Une crue soudaine de la rivière Tana, dans le comté de Garissa, frontalier de la Somalie, n’a laissé d’autre choix à la vendeuse de fruits de 42 ans et aux onze membres de sa famille que d’abandonner leur maison de boue séchée et de tôle ondulée pour se réfugier sur une portion de terrain épargnée par les eaux.
Fatuma et les siens font partie des milliers de sans-abri après les récentes pluies torrentielles qui se sont abattues sur le pays d’Afrique de l’Est et ont fait plus de 70 morts.
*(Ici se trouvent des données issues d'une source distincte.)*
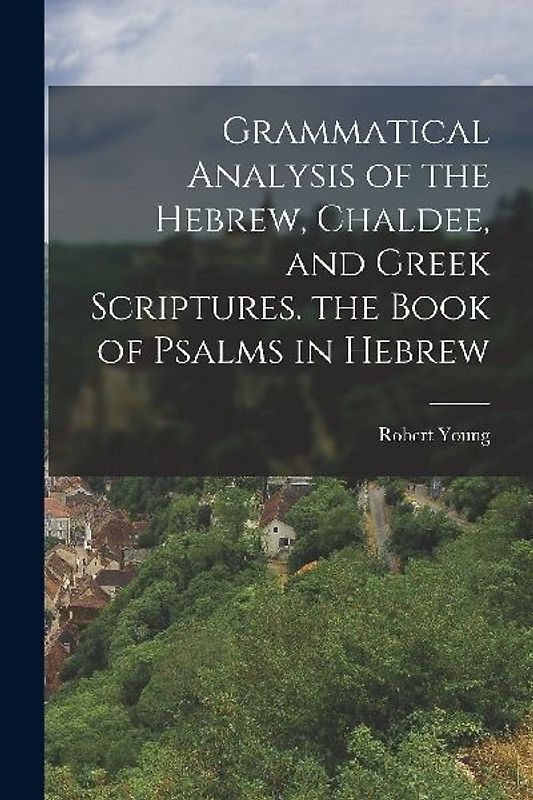 Grammatical Analysis of the Hebrew, Chaldee, and Greek Scriptures. the Book of Psalms in Hebrew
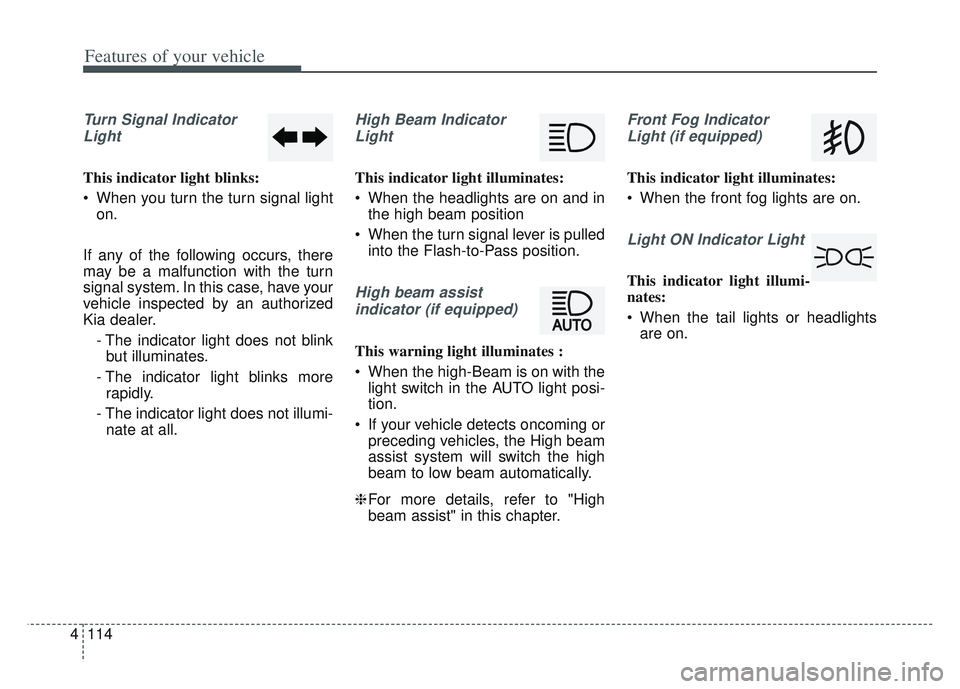 KIA SPORTAGE 2022  Owners Manual Features of your vehicle
114
4
Turn Signal Indicator
Light
This indicator light blinks:
 When you turn the turn signal light on.
If any of the following occurs, there
may be a malfunction with the tur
La Corne de l’Afrique ne s’était pas encore relevée d’une sécheresse dévastatrice lorsqu’elle a été balayée par des pluies diluviennes liées au phénomène météorologique El Niño, qui ont provoqué d’importantes inondations, au Kenya, en Somalie et en Éthiopie notamment.
Quand manger devient un luxe
Dans un camp de déplacés installé en urgence dans le centre de Garissa, Mwana Juma Hassan se tient à côté de sa tente blanche, découragée. «Manger ici est devenu un luxe. Nous ne savons pas quand nous aurons notre prochain repas», se lamente-t-elle. Pour la quatrième fois en moins de 10 ans, les inondations ont forcé cette veuve de 37 ans à quitter sa maison. Et les dernières précipitations ont ravagé son champ de pastèques, sa seule source de revenus.
Sur place, quelque 500 sinistrés ont passé quatre nuits à tenter de dormir sous une pluie incessante et dans des vêtements détrempés, avant que la Croix-Rouge kényane ne fournisse des tentes, explique Amina Duke Gabuku, tisserande de 60 ans. «Comment un kilo de riz peut nourrir sept enfants?» lance-t-elle à propos des distributions de nourriture.
Les inondations ont frappé le comté de Garissa alors que ses quelque 800’000 habitants dépendaient déjà beaucoup de l’aide humanitaire pour se nourrir. Quatorze camps y ont été mis sur pied en deux semaines, qui abritent plus de 7000 personnes. Selon Mohamed Dubow, directeur des réponses d’urgence pour le comté, la situation pourrait devenir «hors de contrôle» si les pluies continuent dans les deux ou trois prochains jours.
Une crise de la faim
Dans le camp, Abubakar Maliyu Jillo, un fermier de 49 ans, dit redouter une crise de longue haleine qui l’empêcherait de subvenir aux besoins de ses quatre femmes et douze enfants. «C’est une crise de la faim», résume-t-il, expliquant avoir perdu dans les dernières intempéries un investissement de 300’000 shillings (env. 1720 francs) dans son exploitation.
Agences humanitaires et défenseurs de l’environnement appellent depuis des années à donner plus pour aider les pays en voie de développement à faire face aux conséquences dramatiques du changement climatique, auquel ils contribuent pourtant le moins à l’échelle de la planète.
«Ce cercle vicieux rend quasiment impossible pour ces communautés de maintenir les progrès économiques qu’ils ont pu enregistrer», assure Kunow Sheikh Abdi, directeur pour le Kenya de l’ONG américaine Mercy Corps. Le responsable du comté de Garissa, Mohammed Dubow, renchérit: «Nous sommes confrontés à deux périls, jour et nuit. Soit c’est la sécheresse, soit ce sont les inondations.»